Speaking to Al Jazeera, the family of the sexual assault survivors said police officers were with a Meitei mob when it attacked their B Phainom village in Kangpokpi district, about 40km (25 miles) from the state capital, Imphal.
“My husband was killed by the mob. We pleaded with the police to rescue us,” said the mother of the 21-year-old survivor.
She said the police initially escorted her along with her daughter and 19-year-old son, but on seeing the mob, dropped them back to where the body of her husband lay on the ground.
It was there that her 21-year-old daughter was surrounded by the mob and sexually assaulted. When her brother tried to stop them, he was also killed, said their mother.
The family and other residents of the village eventually managed to escape to the Kuki-Zo-dominated district of Churachandpur, 86km (53 miles) from B Phainom.
“How can the police say they aren’t aware of what happened when they were present while we were assaulted? The bodies of my father and brother were taken by them to the government morgue in Imphal,” the survivor told Al Jazeera.
“We don’t trust the chief minister. But I want justice for my daughter. For my dead husband and son,” said her mother.
‘We have been dehumanised’
In another incident that happened a day after the two women were paraded and attacked, two other Kuki-Zo women from Kangpokpi’s Khopibung village were locked up in a room in Imphal and sexuallly assault by at least six men, according to the FIR registered by their families.

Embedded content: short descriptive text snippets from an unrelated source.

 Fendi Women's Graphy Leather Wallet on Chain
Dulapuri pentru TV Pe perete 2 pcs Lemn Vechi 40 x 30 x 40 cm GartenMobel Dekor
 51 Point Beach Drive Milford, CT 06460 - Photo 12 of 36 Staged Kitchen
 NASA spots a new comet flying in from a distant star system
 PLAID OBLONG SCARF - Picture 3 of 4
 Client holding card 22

They were found dead in the room hours later.
The mother of one of the deceased told Al Jazeera last month that despite multiple attempts, the police have not acted on their FIR.

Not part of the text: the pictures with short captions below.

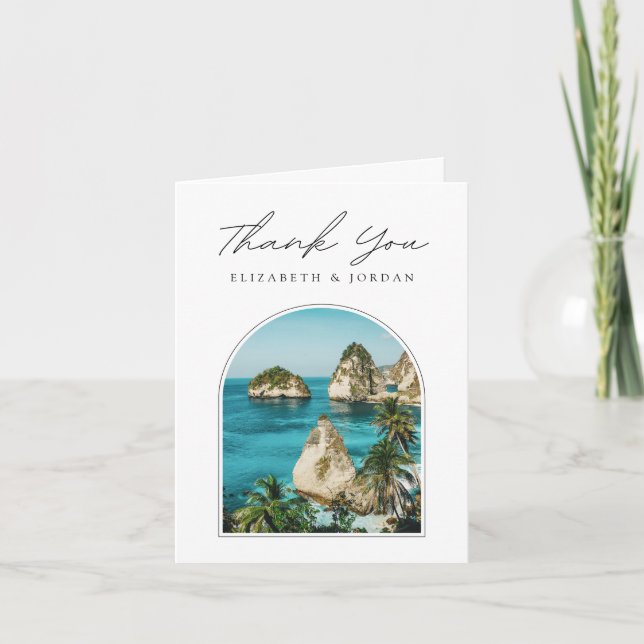 Bali Photo Blank Thank You Card (Front)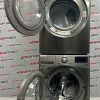 Open Box LG 27” Front Load Washer and Electric Dryer Stackable Set WM3400CV DLE3400V For Sale (11)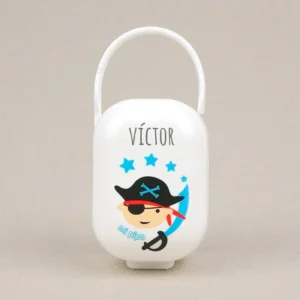 Cajita Portachupetes Deco Pirata Personalizada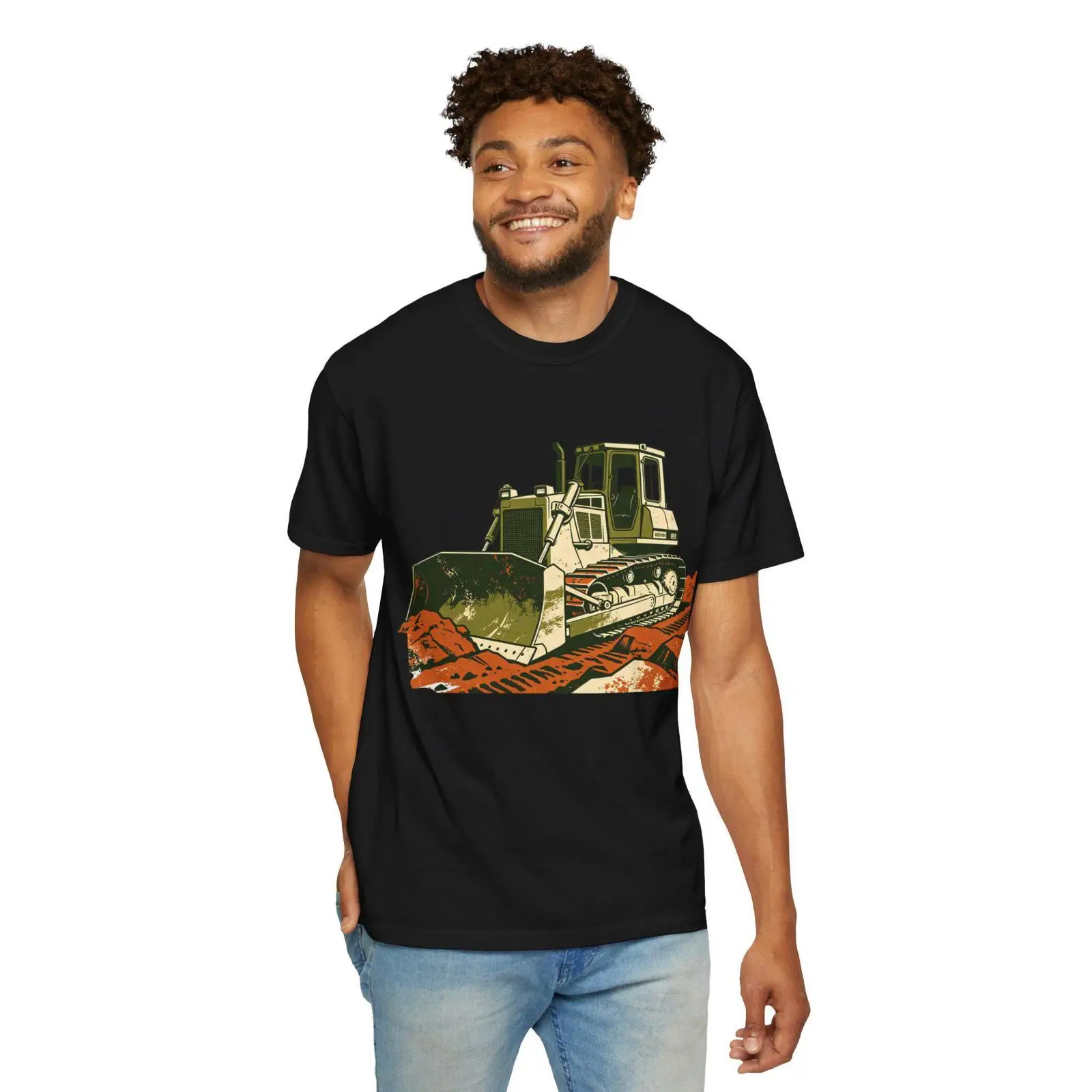 Heavy Equipment Operations - Vintage Bulldozer T Shirt Dozer Operator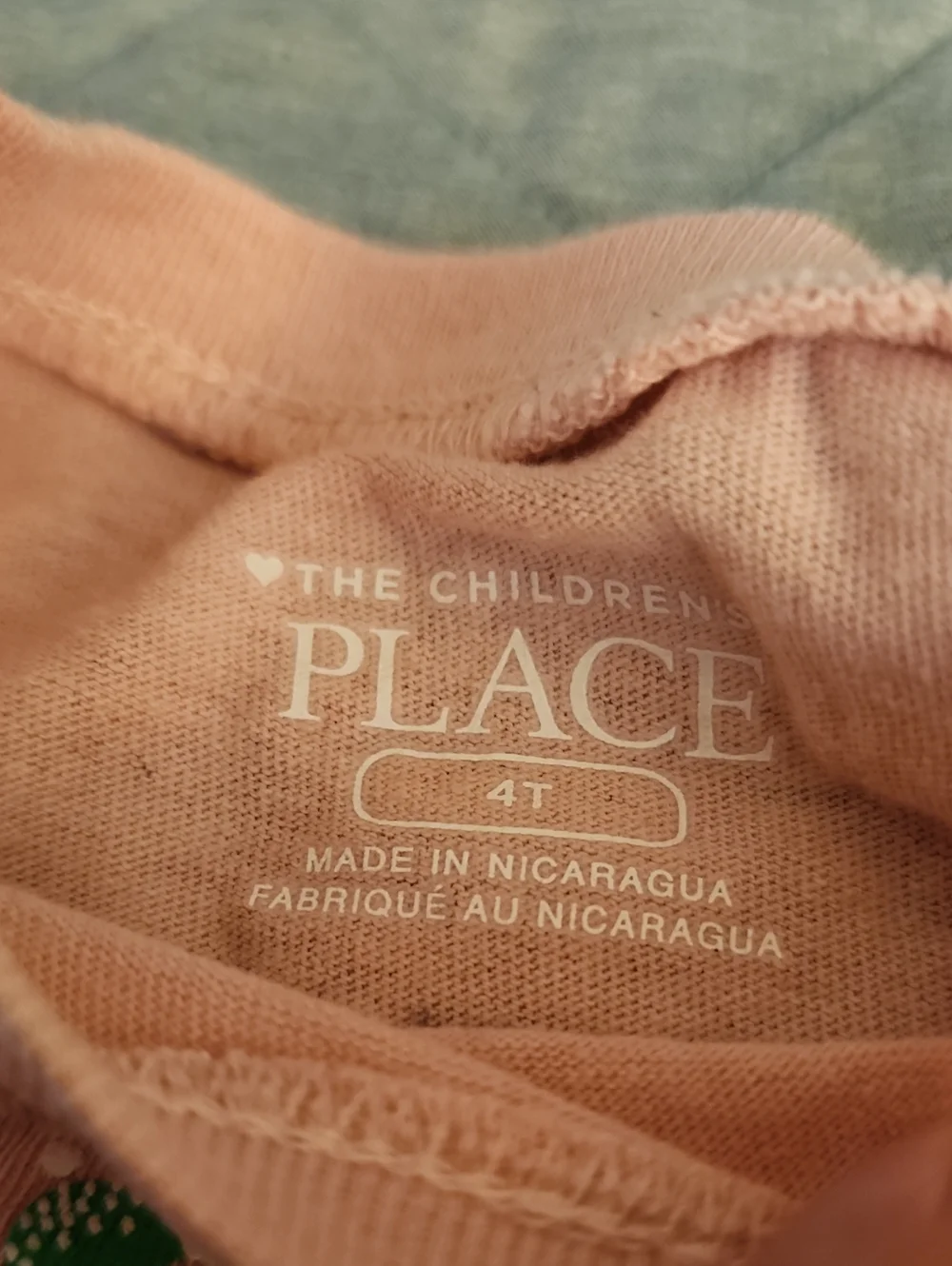 Sz 4T The Children's Place Red Long-Sleeve Top with Peter Pan Collar & Pink Tee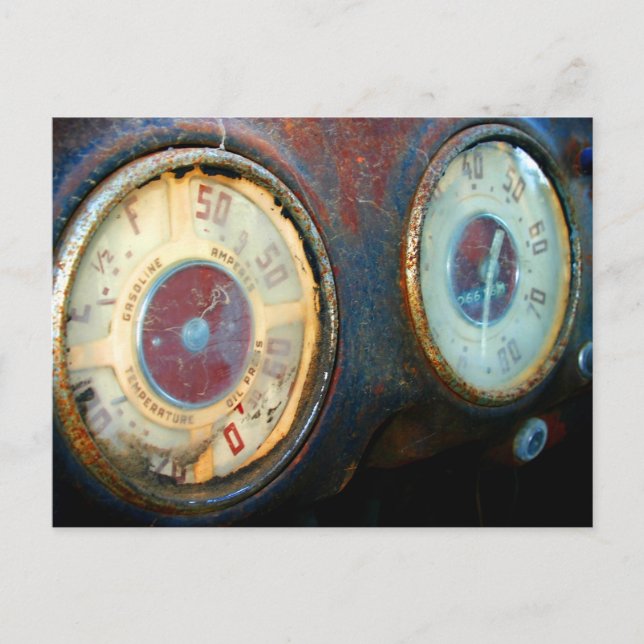 Old Speed Postcard (Front)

“Our requests for the body of our daughter have also not been acknowledged. Nobody has contacted us from the police,” she had said, adding that her village was also burned down by a Meitei mob in June.
Sources in the police administration told Al Jazeera there has been a “complete breakdown in legal processes” since the violence began on May 3.
A police officer based in one of Manipur’s hill districts where the Kuki-Zo mainly live, on condition of anonymity, said they have not been able to get the police authorities from Imphal to cooperate on any of the complaints registered by the victims who were killed in the valley or have fled from there.
Hanglalmuan Vaiphei, a 21-year-old college student arrested for a social media post criticising the state chief minister on April 30, was allegedly killed while in police custody.His family said they were informed of his death on May 5. They said the police told them their son was beaten to death by a Meitei mob while being taken to prison from court.
The family said they registered a case of custodial killing early in May, but have not received any calls from the police. Their son’s body is yet to be returned to them, they added.
“We have been talking about such incidents from the time the violence started. Nobody listened to us. The Manipur state turned its back on our community much before May 3,” Kimmoui Lhouvum, a social activist from Kangpokpi, told Al Jazeera.
“Justice no longer exists for us. We have been dehumanised to an extent where there is no going back.”